Story URL: https://archiveofourown.org/works/15932891
Author URL: https://archiveofourown.org/users/Muccamukk/pseuds/Muccamukk
Summary: Lew's jump into Normandy brings disaster the second he touches down. As the invasion continues, and Lew struggles on, the memory of dark water clings to him.





	All the Greens of June

**Author's Note:**

> Written for h/c bingo square "Drowning." Lew doesn't actually drown (in this fic he lives! See, this is cheerful! I can write cheerful!), but it comes close, and there are lots of references to other drowned paratroopers (an unfortunately common fate for the airborne on D-Day). This is my usual muddle of book canon, show canon, and haphazard research, so hopefully it all hangs together.
> 
> Title from the case/lang/veirs song, and only used a little ironically. (Bloody HBO colour filters.)
> 
> I may do a follow up from Dick's PoV set during episode three.
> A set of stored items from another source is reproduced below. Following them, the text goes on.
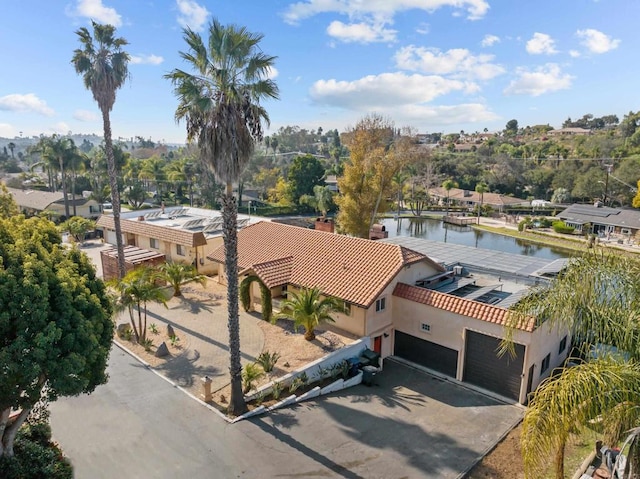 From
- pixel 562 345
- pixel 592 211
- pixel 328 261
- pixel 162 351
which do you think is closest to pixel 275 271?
pixel 328 261

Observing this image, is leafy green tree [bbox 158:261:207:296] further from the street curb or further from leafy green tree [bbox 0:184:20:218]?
leafy green tree [bbox 0:184:20:218]

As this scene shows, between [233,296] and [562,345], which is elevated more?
[233,296]

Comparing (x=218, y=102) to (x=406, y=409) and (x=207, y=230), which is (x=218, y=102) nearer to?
(x=406, y=409)

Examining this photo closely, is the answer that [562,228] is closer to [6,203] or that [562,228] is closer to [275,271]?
[275,271]

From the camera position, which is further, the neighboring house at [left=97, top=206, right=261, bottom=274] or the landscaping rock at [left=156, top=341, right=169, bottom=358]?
the neighboring house at [left=97, top=206, right=261, bottom=274]

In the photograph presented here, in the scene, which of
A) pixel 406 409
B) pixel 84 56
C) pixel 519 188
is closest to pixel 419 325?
pixel 406 409

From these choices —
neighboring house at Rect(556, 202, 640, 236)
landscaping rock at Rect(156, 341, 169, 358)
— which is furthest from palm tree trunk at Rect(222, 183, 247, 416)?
neighboring house at Rect(556, 202, 640, 236) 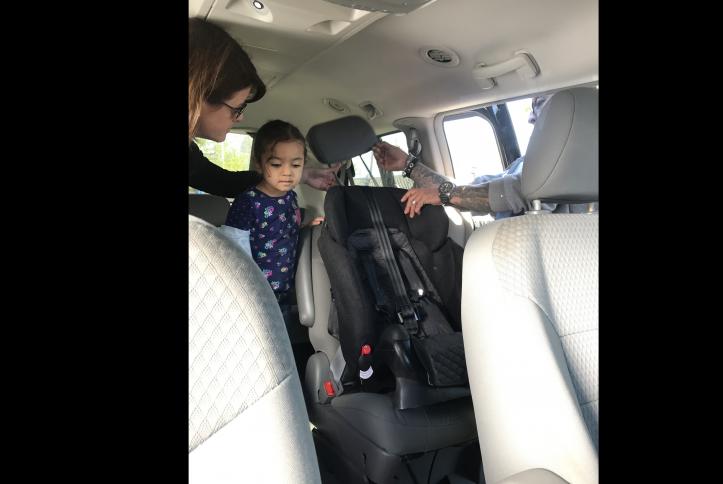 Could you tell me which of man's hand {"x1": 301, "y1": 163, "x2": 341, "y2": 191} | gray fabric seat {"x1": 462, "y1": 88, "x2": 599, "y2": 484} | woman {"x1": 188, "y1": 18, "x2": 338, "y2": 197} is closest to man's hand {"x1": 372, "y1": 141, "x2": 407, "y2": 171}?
man's hand {"x1": 301, "y1": 163, "x2": 341, "y2": 191}

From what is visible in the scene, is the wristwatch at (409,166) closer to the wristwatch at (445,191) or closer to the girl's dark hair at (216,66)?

Lew was in the middle of his stick, and jumping wasn't as much a choice as a reaction. He leaped out the door, counted to four one thousands, and checked his risers. It was all good. Everything was fine. He wasn't surrounded by German flack and burning planes. He wasn't headed for a tree, the outline of the branches lit in yellow and red. He yanked on his left riser and drifted away towards a patch of darkness that looked empty. Empty of muzzle flashes, and empty of the lights laid out by the pathfinders to indicate the drop zones. When they hit ground, no one was going to know where they fuck they were, Lew least of all.

He didn't realise how screwed he was until his boots touched down with a splash and he understood that he'd missed land and hit some kind of lake or mire or...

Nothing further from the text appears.